No hacía mucho daño la U porque con Quispe más cerca del círculo central y Quintero imbuido en labores de ventilación, la única manera de generar peligro era por arriba. Un cabezazo de Rugel dio la primera alerta; luego Quina mandó un frentazo desviado. Era el presagio de lo que estaba por venir.
ERA POR ARRIBA
La pelota parada era la mejor arma de la crema y por ahí vino el grito inicial: centro de Cabanillas sesgado, sobre el área chica, cabezazo de Quina abajo, desesperada reacción de Campos y Rugel en modo fusilamiento. 1-0 y el primer silencio de la tarde. El plan de Compagnucci empezaba a dar frutos. Alianza entró en modo desesperación. Sus jugadores perdieron la calma y empezaron a lanzar una catarata de pelotazos buscando una frente salvadora. La U se guareció en su campo y apostó por la contra. Hasta que Succar encontró lo que venía buscando toda la tarde: una pelota limpia que lo puso frente a frente con Vílchez. Se lo sacó más por fuerza que por habiidad, entró al área y cual Piero Alva redivivo, decidió enfrentar a Ramos antes que fusilar a Campos. Su gambeta aflojó las viejas clavijas del defensor, a quien no le quedó otra que derribarlo. Penal y tras breve discusión con Quina, el 2-0 definitivo.

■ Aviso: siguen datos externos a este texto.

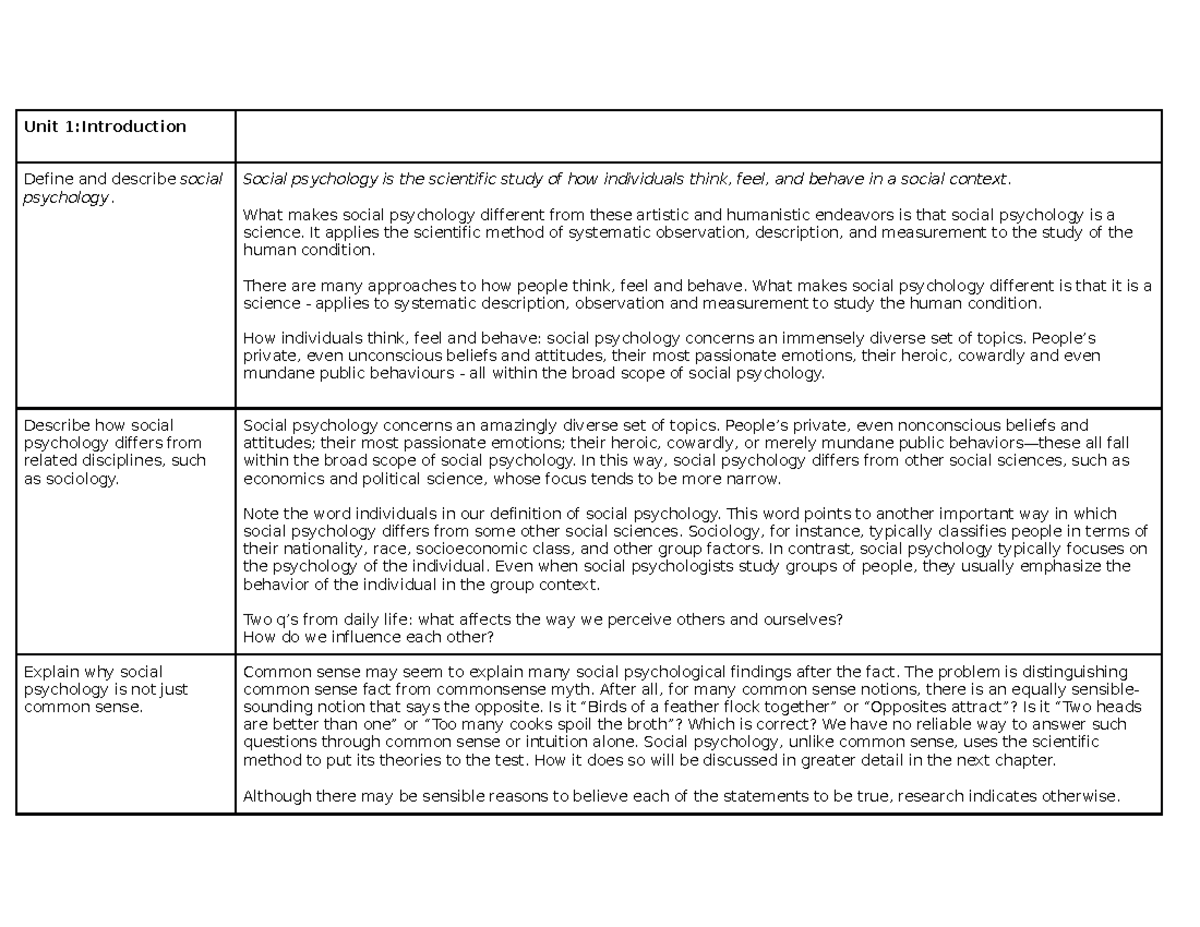 Psyc 379 Unit 1 - Learning Objectives - Psyc 379 - Au - Studocu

Luego vino la expulsión -tonta por donde se le mire- y el aguante casi sin contratiempos porque la desesperación se apoderó de Bustos y llenó su equipo de delanteros. Todos los balonazos iban a las frentes de Quina, Rugel y Corzo o a las manos de Carvallo. Menéndez, quien le salvó la vida a Peruzzi tras una falta criminal contra Polo, alargó la agonía siete minutos.
La famosa caldera terminó ardiendo menos que el mechero de un lamparín. Alianza se creyó ganador antes de empezar el partido, miró a la crema con desdén y olvidó que los partidos siempre hay que jugarlos. Universitario fue conciente de lo que podía dar y se refugió en sus virtudes. Nunca abandonó el overol y entregó una victoria justísima que le da aire en el Clausura y enciende las esperanzas, hasta ayer marchitas, de que el final de este triste 2022 puede ser feliz.